# Work instruction
Print the listing again exactly, leaving nothing out.

▼

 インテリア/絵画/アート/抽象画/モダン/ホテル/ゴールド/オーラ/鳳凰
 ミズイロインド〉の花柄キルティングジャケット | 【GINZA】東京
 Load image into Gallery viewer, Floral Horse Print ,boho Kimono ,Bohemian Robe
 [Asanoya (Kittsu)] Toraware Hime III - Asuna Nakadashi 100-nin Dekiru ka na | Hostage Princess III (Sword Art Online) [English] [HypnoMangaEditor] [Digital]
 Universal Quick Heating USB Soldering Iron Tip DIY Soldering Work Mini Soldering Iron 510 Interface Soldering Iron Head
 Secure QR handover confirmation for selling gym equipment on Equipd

▲

# Output
 インテリア/絵画/アート/抽象画/モダン/ホテル/ゴールド/オーラ/鳳凰
 ミズイロインド〉の花柄キルティングジャケット | 【GINZA】東京
 Load image into Gallery viewer, Floral Horse Print ,boho Kimono ,Bohemian Robe
 [Asanoya (Kittsu)] Toraware Hime III - Asuna Nakadashi 100-nin Dekiru ka na | Hostage Princess III (Sword Art Online) [English] [HypnoMangaEditor] [Digital]
 Universal Quick Heating USB Soldering Iron Tip DIY Soldering Work Mini Soldering Iron 510 Interface Soldering Iron Head
 Secure QR handover confirmation for selling gym equipment on Equipd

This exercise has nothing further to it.